The Moment I Stopped SSH-ing Into Production

The worst way to deploy software is to SSH into a production server and run commands by hand.

I know because I did it. For longer than I should have.

The mental load is absurd. You're managing a checklist in your head: pull the latest code, stop the container, rebuild the image, restart, check the logs, confirm it's up. One typo. One forgotten step. One network blip at the wrong moment. The whole thing can go sideways, and you're sitting there at 23:00 on a Friday trying to remember what state you left the server in.

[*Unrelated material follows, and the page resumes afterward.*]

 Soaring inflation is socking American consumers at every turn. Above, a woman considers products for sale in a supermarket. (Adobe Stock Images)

The moment I wired up a proper CI/CD pipeline was the moment deployments became boring. Boring is the goal.

What the Pipeline Does

The pipeline runs on GitHub Actions and triggers on every push to main. It does four things across two jobs:

Job 1 — Build and Push:

  1. Compiles and tests the Java API with Maven.
  2. Builds a Docker image for the Spring Boot API targeting linux/arm64 (the EC2 is a t4g.micro, ARM64 — QEMU on the GitHub runner handles the cross-compilation).
  3. Pushes the image to Amazon ECR with a short SHA tag for deterministic identification.

Job 2 — Deploy: 4. Generates a short-lived ECR auth token on the runner. 5. SSHs into the EC2 instance, writes the .env and docker-compose.yml files, passes the ECR token as an environment variable, pulls the new image, and restarts the stack.

AWS credentials (access key ID and secret) live as GitHub Actions secrets. The ECR auth token is generated fresh on the runner for each deploy and passed to the EC2 over SSH — the instance never stores long-lived AWS credentials. The EC2's IAM instance profile is separate: it gives the running Spring Boot container access to DynamoDB and S3 at runtime.

The Key Insight: Predictability, Not Speed

The pipeline doesn't make deployments faster. A manual docker-compose pull && docker-compose up -d takes about the same wall-clock time as the automated version.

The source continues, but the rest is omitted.